Термины для тембра — «металлический» (светлый, режущий, яркий) и «матовый» — понятия очень растяжимые. Привлечем поэтому для сравнения тембры артистов, в сравнительно недавнем прошлом хорошо известных в нашей стране,— первоклассных певцов Касторского и Тартакова. Первый обладал тембром благородно-металлическим, второй — матовым. Шаляпинский голос находился на полпути между ними, он был достаточно благородно-металличен и в меру матовый. Отсюда родилось определение «бархатный», то есть мягкий, не колющий металлом; отсюда же всеобъемлющее и исключающее какие бы то ни было сравнения, чаще всего применяемое определение «шаляпинский», — иначе говоря, единственный, неповторимый.
Так же мало, как о самом голосе, в рецензиях говорилось о технике шаляпинского пения.
Считалось, повидимому, само собой разумеющимся, что у Шаляпина все компоненты искусства певца и актера находятся на наивысшей ступени, что на эту тему и распространяться, мол, незачем. Иначе как мог бы он с такой головокружительной быстротой подняться выше всех до него известных в истории театра артистов?
И, невзирая на все это, необходимо установить, что и на солнце шаляпинского искусства были пятна, о которых надо говорить, — особенно теперь, когда мы не находимся больше под его непосредственным воздействием и можем говорить о нем в тоне спокойной ретроспекции. Может быть, это даже необходимо, как это ни парадоксально, еще и потому, что наши современники судят о Шаляпине по граммпластинкам, в своем большинстве очень несовершенным, и нередко спрашивают, почему никто не говорил в свое время о тех «странностях», которые в этих пластинках выпячиваются. Изучение солнечных пятен не уменьшит ослепительного, яркого и жизнетворного света.
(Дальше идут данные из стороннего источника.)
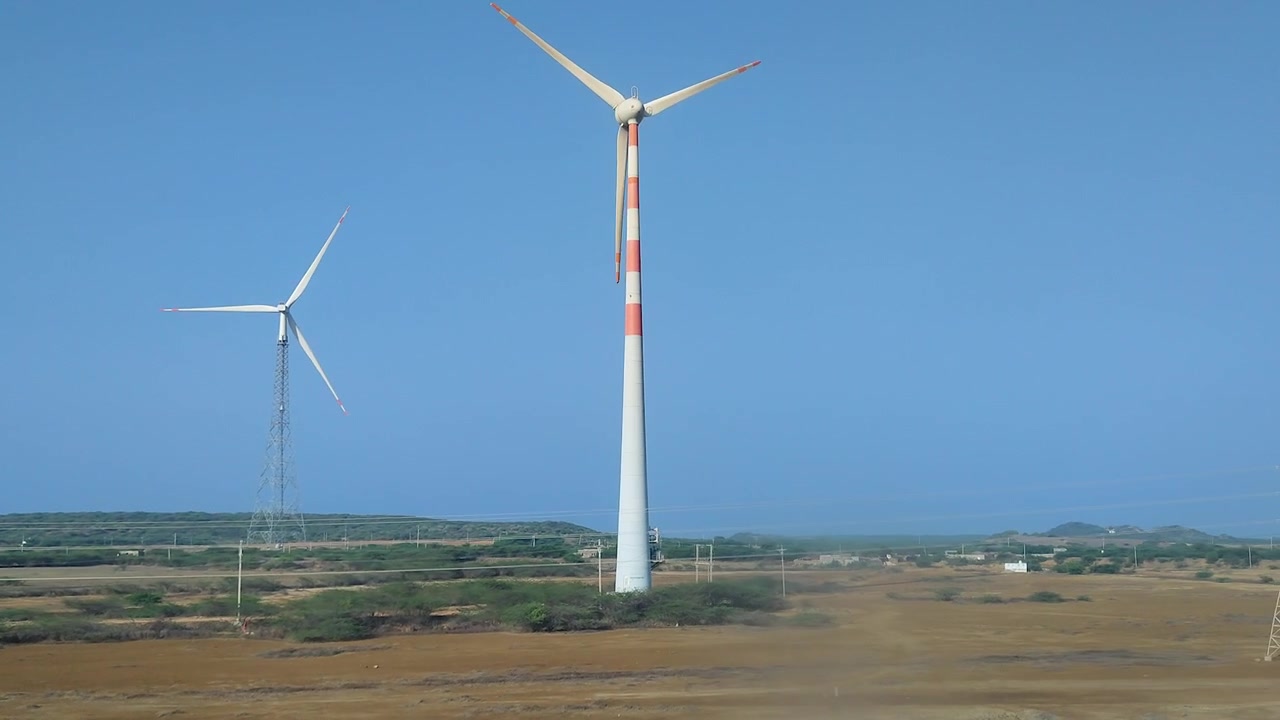 Vista da un veicolo in movimento di grandi turbine eoliche in un paesaggio arido sotto un cielo sereno, ideale per progetti di energia rinnovabile, sostenibilità, clima e infrastrutture industriali.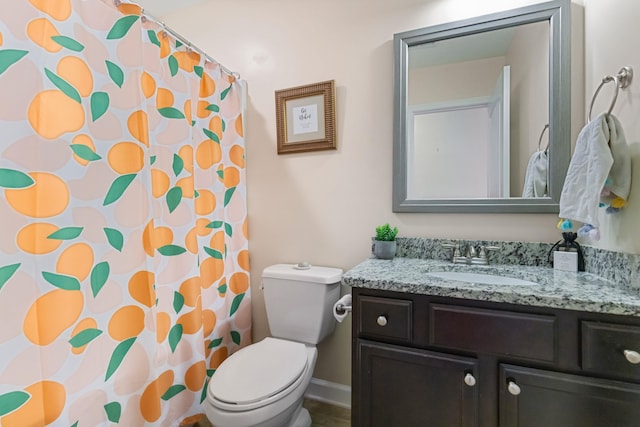 bathroom with vanity, curtained shower, and toilet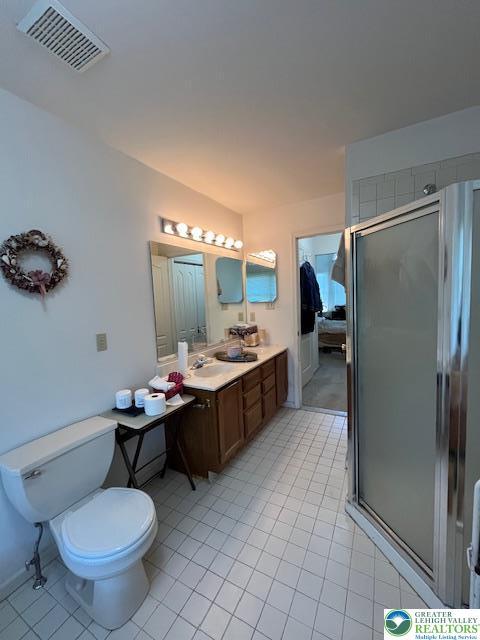 255 Ridings Cir, Macungie Boro, PA 18062 - bathroom featuring a shower stall, vanity, and tile patterned flooring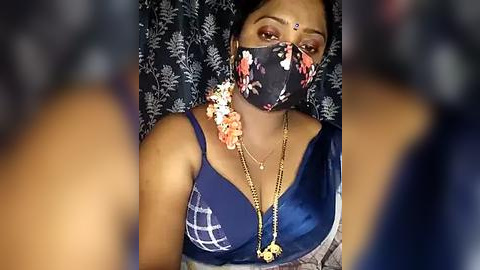 Media: Video of a South Asian woman with medium brown skin and dark hair, wearing a blue saree, floral mask, and intricate jewelry, against a dark floral-patterned backdrop.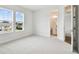 Well-lit bedroom with two windows and en-suite bathroom at 709 W Orient St, Tampa, FL 33603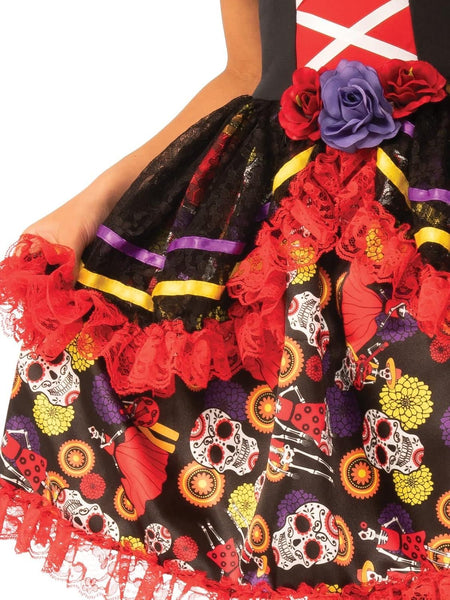 Close of the Girls Day Of The Dead Costume Dress featuring a multi‑layered black dress designed with an off‑the‑shoulder neckline trimmed in ruffled lace bands accented in purple, yellow, and gold tones; bodice with a red crisscross panel at the front and a decorative floral accent at the waist, full skirt  with colorful sugar skulls, flowers, butterflies, and festive motifs, finished with cascading red lace trim along the hem, black headpiece adorned with red fabric roses and a sheer black veil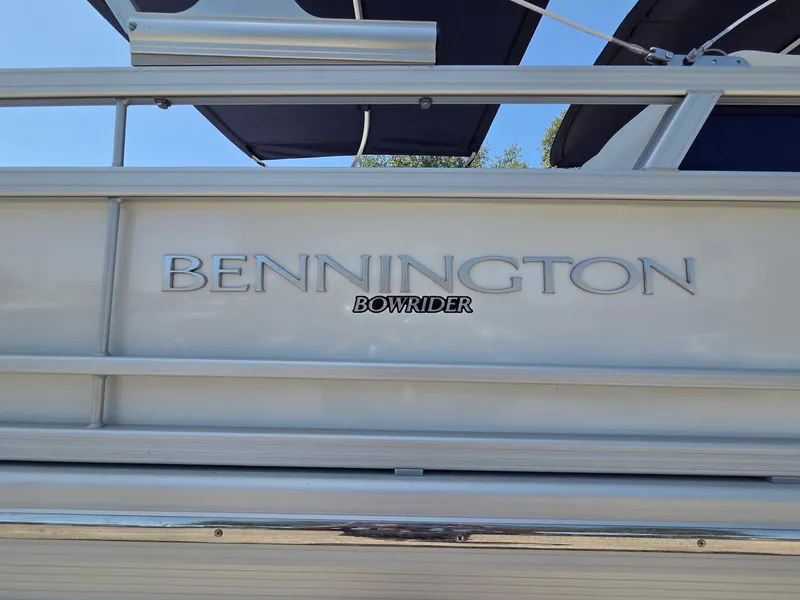 Slide: The Image of 2023 Bennington 25RTSB Bowrider boat, silver exterior with logo. - 3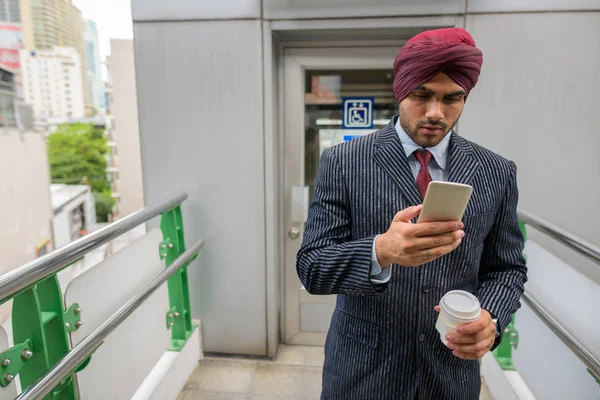 Indian businessman with turban outdoors in city using phone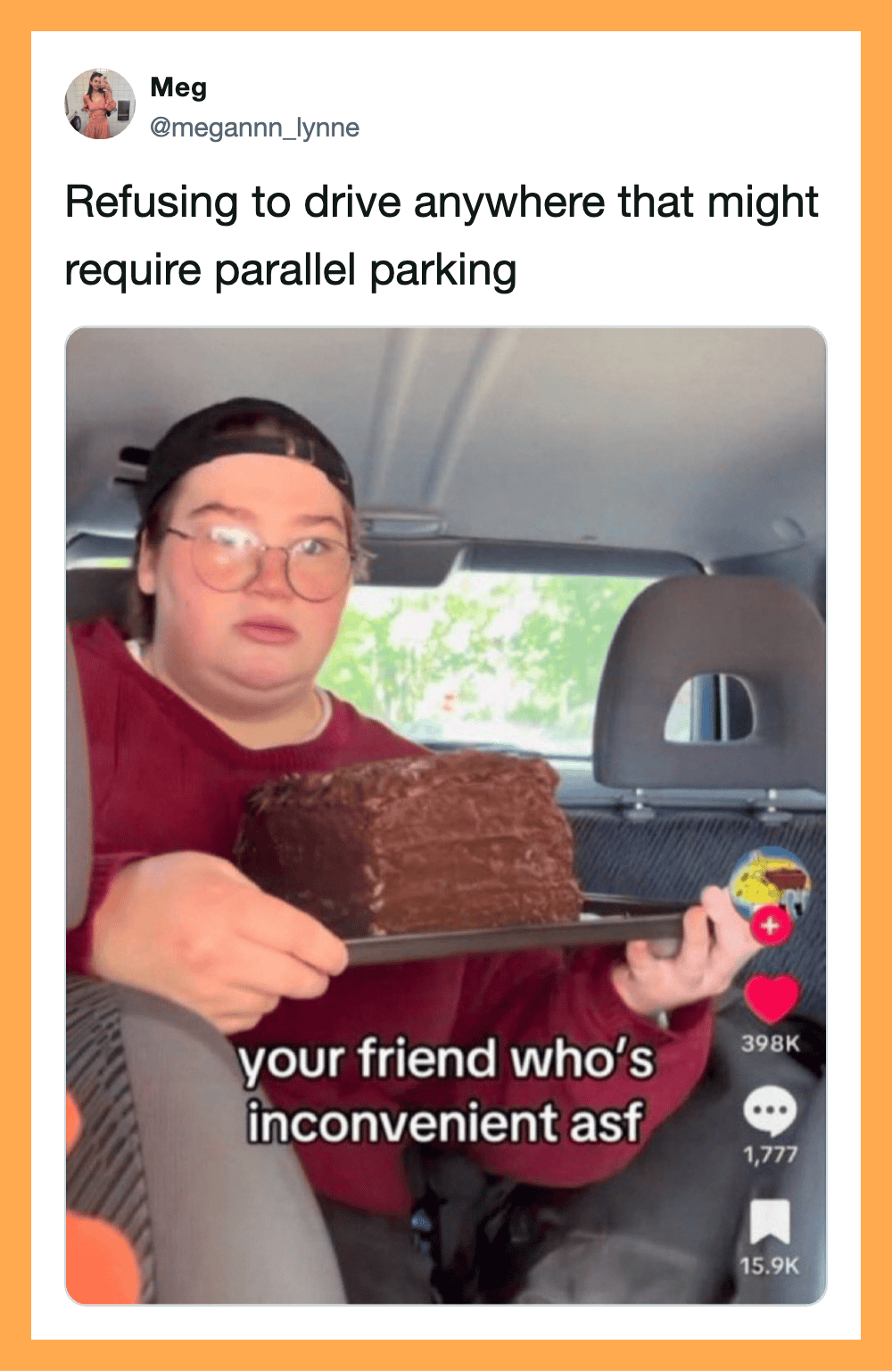 Person holding a tray with a large chocolate cake inside a car.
В годы моего ученичества, совпавшие с периодом зенита славы Шаляпина, мы все, учащиеся, без конца обсуждали вопросы его вокальной техники, стараясь постигнуть тайну шаляпинского пения. И неизменно приходили к заключению, что прямых ответов на эти вопросы получить нельзя: чисто технические моменты тонули у Шаляпина в комплексе его исполнения. Здесь налицо были приемы разнообразных школ и в то же время нельзя было говорить ни о какой определенной школе, как немыслимо было и допустить отсутствие школы вообще.
У известного в свое время тенора Д. А. Смирнова, у лучших учеников Эверарди — Тартакова или Камионского, у замечательных вокалистов, специалистов bel canto Сибирякова и Касторского мы всегда находили много общего в школе пения с представителями итальянской школы. Мы сравнивали Смирнова с Ансельми, Касторского с Наварини, Сибирякова с Аримонди и т. д. Для любого из них наилучшей похвалой считалось хотя бы отдаленное сравнение с Баттистини, действительно для того времени величайшего мастера bel canto. Но я прекрасно помню, что в те годы, когда авторитет итальянской школы был непререкаем, я на спектакле «Мария ди Роган» с Баттистини про себя решал, что Баттистини местами — только местами — поет, как Шаляпин.
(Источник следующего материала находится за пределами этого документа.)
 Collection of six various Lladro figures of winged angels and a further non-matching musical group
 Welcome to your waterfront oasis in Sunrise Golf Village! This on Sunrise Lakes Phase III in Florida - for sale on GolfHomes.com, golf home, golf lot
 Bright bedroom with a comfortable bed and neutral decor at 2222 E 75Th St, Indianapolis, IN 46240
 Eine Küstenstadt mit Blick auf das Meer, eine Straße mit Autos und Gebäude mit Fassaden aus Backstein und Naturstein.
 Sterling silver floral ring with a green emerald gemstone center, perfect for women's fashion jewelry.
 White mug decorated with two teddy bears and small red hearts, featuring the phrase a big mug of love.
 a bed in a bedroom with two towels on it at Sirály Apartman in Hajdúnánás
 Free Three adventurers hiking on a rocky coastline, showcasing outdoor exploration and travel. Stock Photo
Шаляпин был тем первым большим певцом, который всю технику пения, все виды школ и школок растворил в горниле своего пения до такой степени, что они перестали существовать как самостоятельно осязаемые компоненты певческого искусства.
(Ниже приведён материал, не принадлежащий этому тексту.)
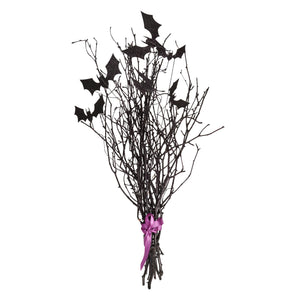 Black glittery halloween bat bouquet made of decorative twigs tied with a purple ribbon for spooky decor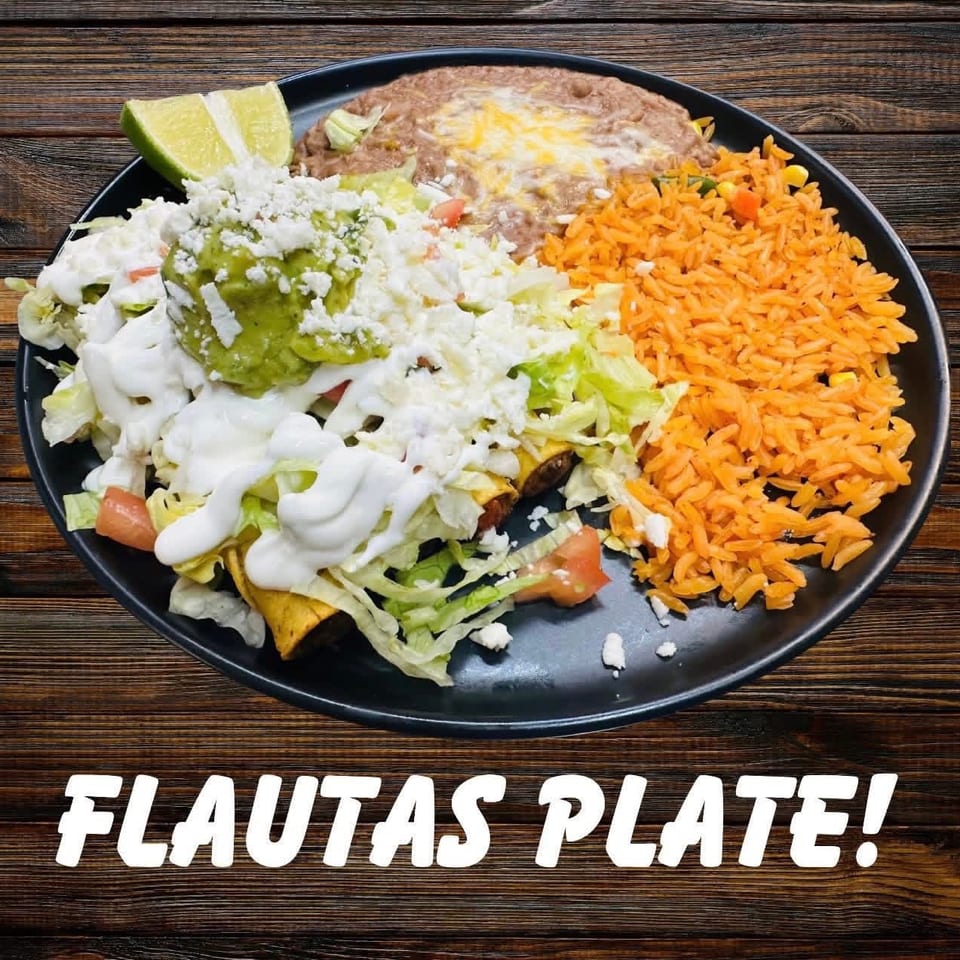 A flautas plate with rice, refried beans, guacamole, sour cream, lettuce, and cheese.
Единственное, что не далось, повидимому, Шаляпину — это умение подолгу не переводить дыхания, если этого требует данная музыкальная фраза. Об этом можно судить не только потому, что Шаляпин в том же «Борисе», например, рвал на две части слигованные Мусоргским фразы: «В семье своей я мнил найти отраду» (перед «я» вдох) или «Готовил дочери веселый брачный пир» (вдох перед «веселый»), но и потому, что Шаляпин никогда не соглашался петь в ораториях Генделя, Гайдна и т. п. классических произведениях, в которых распевы тянутся на многие такты, и требуют исключительно хорошо натренированного дыхания.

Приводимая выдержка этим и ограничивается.